No, the emphasized portion does not LITERALLY do that. Since the Bill of Rights previously constrained only the Federal government, there was no privilege or immunity held by the person vis a vis the state governments. The second sentence is correct. But, the 14th Amendment isn't simply an add on that takes effect from that point in the document. The amendment changes the entirety of the document. So, literally speaking, it established that the bill of rights applied to all citizens and forbade the states from jerking around with em.
In fact, even now the Court doesn't apply those protections through the Privileges and Immunity clause. They are all incorporated through the due processes clauses. Honestly, I am not worried about the court. They very often try to use Algebra to come up with 2+2=5. I am speaking only from my own knowlege and study. And, I don't claim to be anything other than an interested layman. That happens to be why I welcome disagreements. It allows the ol brain housing group to expand a bit.
And in fact early on the Bill of Rights was not incorporated through the 14th amendment at all. It was only later that the Court reversed itself and started interpreting the 14th amendment that way.
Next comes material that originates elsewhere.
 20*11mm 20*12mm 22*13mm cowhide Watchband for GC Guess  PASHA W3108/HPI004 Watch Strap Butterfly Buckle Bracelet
The incorporation is anything but literal. A 'literal' wording would say something to the effect of "the guarantees of such and such amendment are hereby applied to state and local government." Or any of a multitude of different ways you could write a literal incorporation. The 14th amendment is not anywhere a "literal" incorporation. From what I have read of the popular media of the day, including diaries and letters, the wording was in the colloquial syntax. Just because we (the 21 Century thinkers) would word it differently doesn't mean it isn't a literal statement.
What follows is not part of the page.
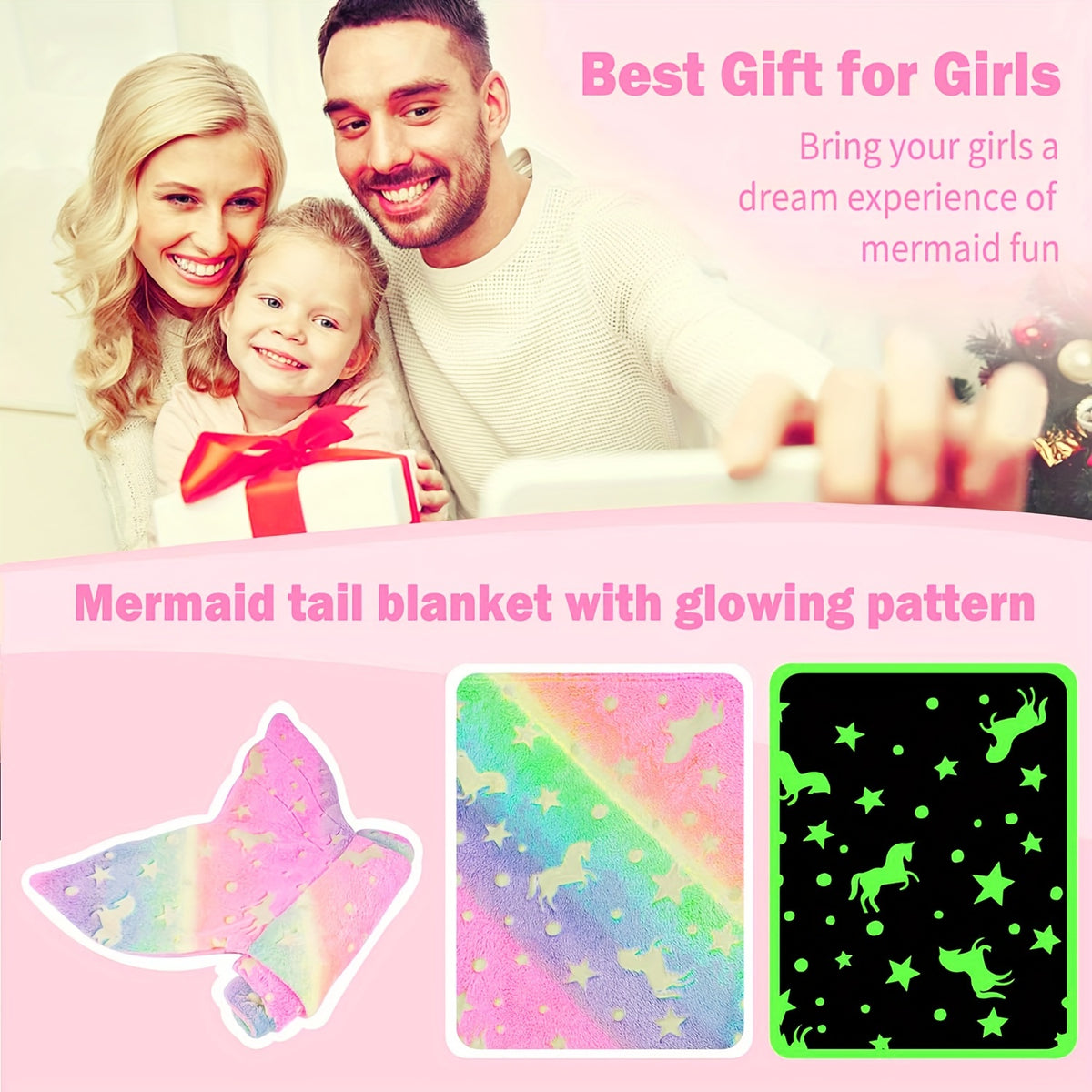 Mermaid Tail Blanket for Girls, Soft Polyester Knit Fish Tail Throw with Colorful Tie-Dye Unicorn-Inspired Design for Cozy Reading and Gift Giving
I should add that the 'literalists' are the ones on the Court who refused to incorporate the Bill of Rights early on. They took the position that if it was supposed to incorporate the Bill of Rights it would have said so. I wish those guys had been as literal when the commerce clause got stretched out of shape. Yeah I know that is off topic, but it still peeves me.
The Bill of Rights only gets incorporated when the Court moves away from literalism and tries to discern the 'intent' of the drafters and also pulls public policy considerations into it. In fact, they are largely pulling in public policy considerations when they do the incorporation time and again, not resting on the literal reading of the 14th.